Topics in Literature and Society:Writing Sexual Nonconformity
People have often developed their styles of sexual being in active conjunction with reading literature. In the simplest sense, some people awaken to the personal possibility or urgency of sexual nonconformity as a result of encountering literary depictions of erotic difference. For instance, many readers have found in the poetry of Walt Whitman a liberating sense of sexual freedom. But there are other similar cases of readers finding in literary works--from the classical past, from romantic poetry, from contemporary fiction--an emboldening sense of the possibility of sexual self-fashioning, and courage to resist the coercions of "normality," or the constraints of sexual "identity" per se. What do the so-called "perversions" (e.g., homosexuality, heterosexuality) owe to literature? What is literary about being queer?

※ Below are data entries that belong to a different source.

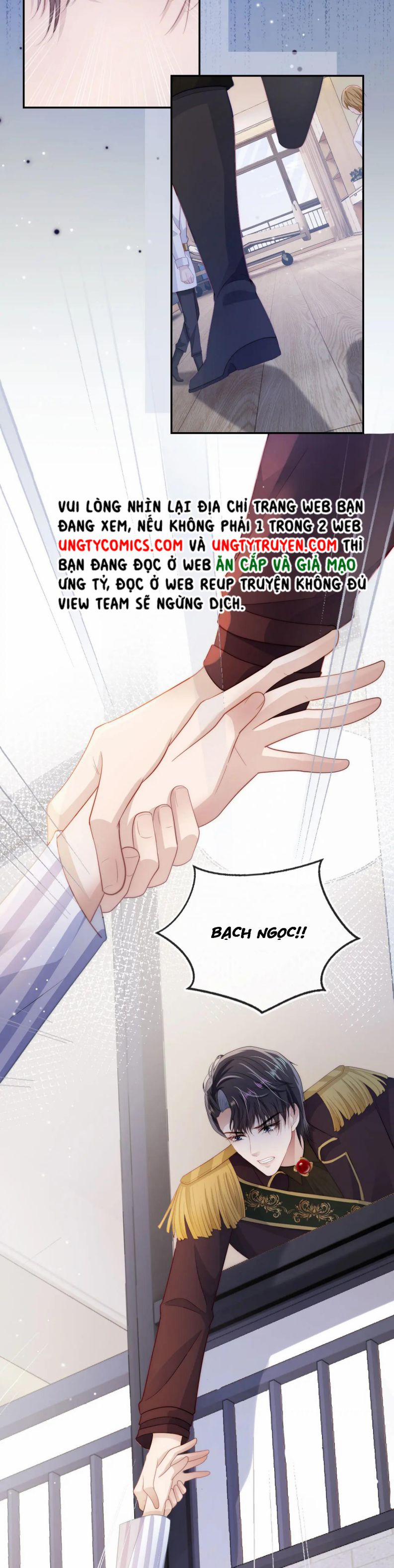 Hắc Hóa Phản Diện Sủng Lên Trời 41 trang 11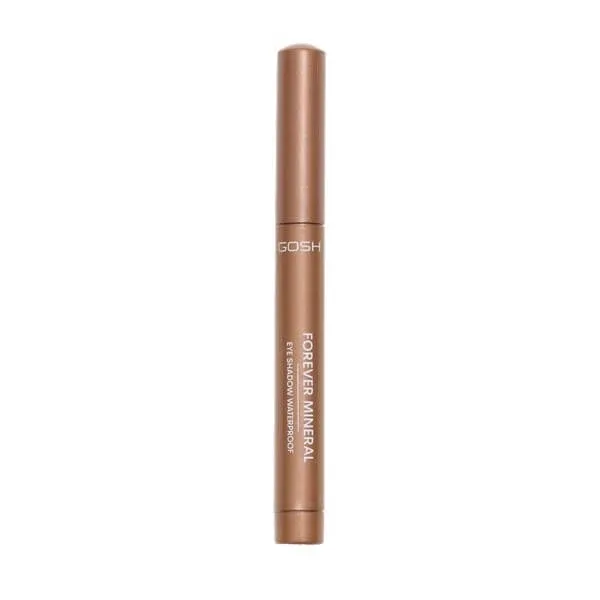 Gosh, Forever Mineral, fard în baston rezistent la apă, 004 Light Copper, 1.4 g — preț și oferte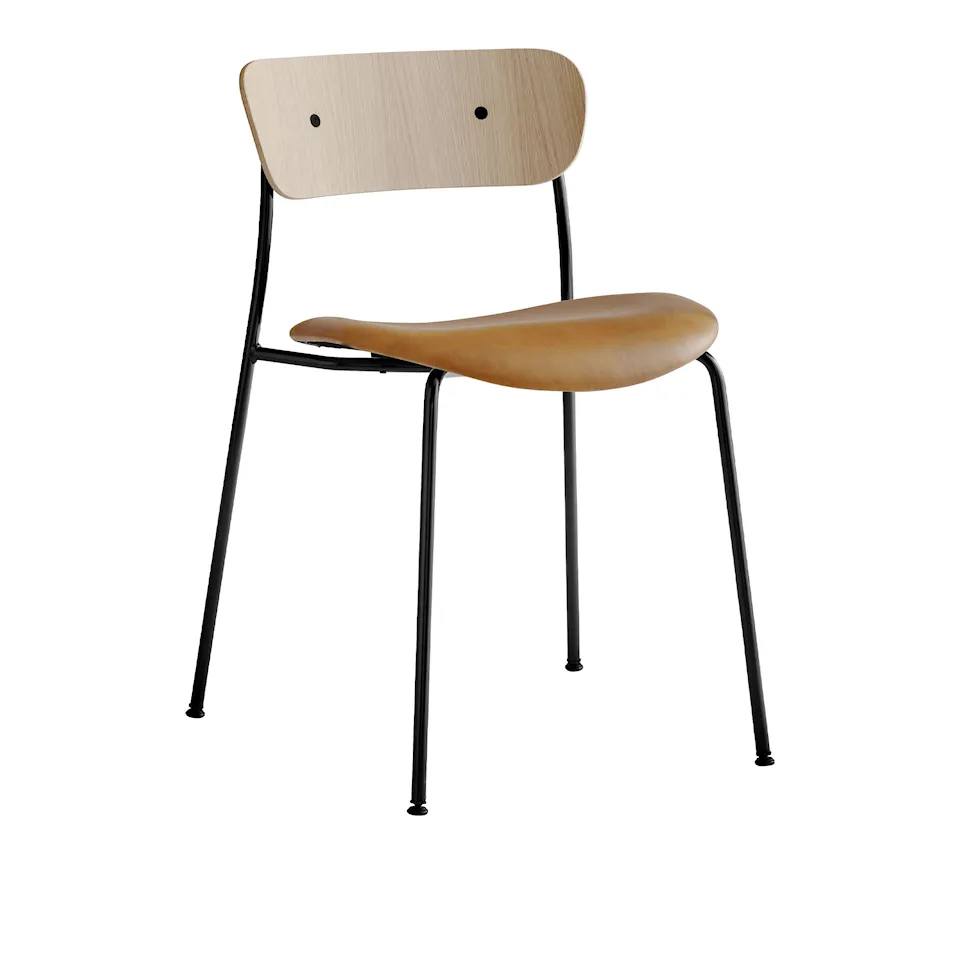 Pavilion AV3 Black Lacquered Oak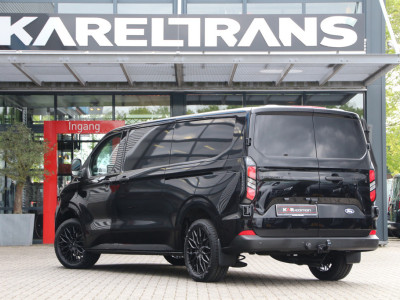 Ford Transit Custom 2.0 TDCI 136 | Aut. | 2x Schuifdeur | 2.8t trekgewicht | Clima.. 2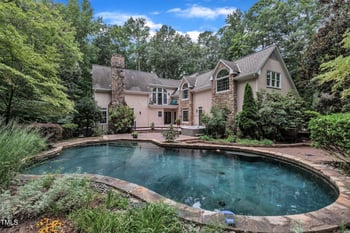 3814 High Meadow Rd, Chapel Hill, NC 27514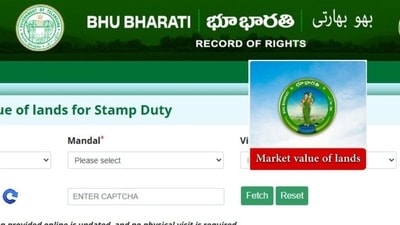 <p>భూ భారతి చట్టం ప్రకారం… ఇకపై భూముల రిజిస్ట్రేషన్లు కావాలంటే సర్వే మ్యాప్ తప్పనిసరి కానుంది. సర్వే మ్యాప్ ఉంటేనే రిజిస్ట్రేషన్ జరుగుతుందని చట్టంలో పొందుపరిచారు. దీంతో సర్వేయర్ల పాత్ర కీలకంగా ఉండనుంది.భూమి రిజిస్ట్రేషన్, మ్యూటేషన్కు ముందు తప్పనిసరిగా భూమి సర్వే జరిపిస్తారు. మ్యాప్ తయారు చేస్తారు. </p> <p>భూ భారతి చట్టం ప్రకారం… ఇకపై భూముల రిజిస్ట్రేషన్లు కావాలంటే సర్వే మ్యాప్ తప్పనిసరి కానుంది. సర్వే మ్యాప్ ఉంటేనే రిజిస్ట్రేషన్ జరుగుతుందని చట్టంలో పొందుపరిచారు. దీంతో సర్వేయర్ల పాత్ర కీలకంగా ఉండనుంది.భూమి రిజిస్ట్రేషన్, మ్యూటేషన్కు ముందు తప్పనిసరిగా భూమి సర్వే జరిపిస్తారు. మ్యాప్ తయారు చేస్తారు. </p>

This course will be both a general introduction to the field of gay/lesbian/queer literary studies and a specific investigation of the intimate and vexed relationships between writing, reading, and sexual identity. We will probably read some notable works from the literary past (perhaps Plato, Whitman, Melville, Freud) along with particular accounts of how readers have used these works to fashion their own sexualities. We will also read some basic works of contemporary queer theory, including Michel Foucault's *History of Sexuality* and Eve Kosofsky Sedgwick's *Epistemology of the Closet*. In addition, we will study a variety of fictional and non-fictional texts (perhaps Henry James, Blair Niles, Henry Blake Fuller, Dawn Powell, James Baldwin, Reinaldo Arenas, Hilton Als) that place the historical emergence of dissident sexualities in various social, political, ethnic, racial, and class contexts. Our aim will be to understand how sexual orientation (or disorientation) is enmeshed with other social issues and categories.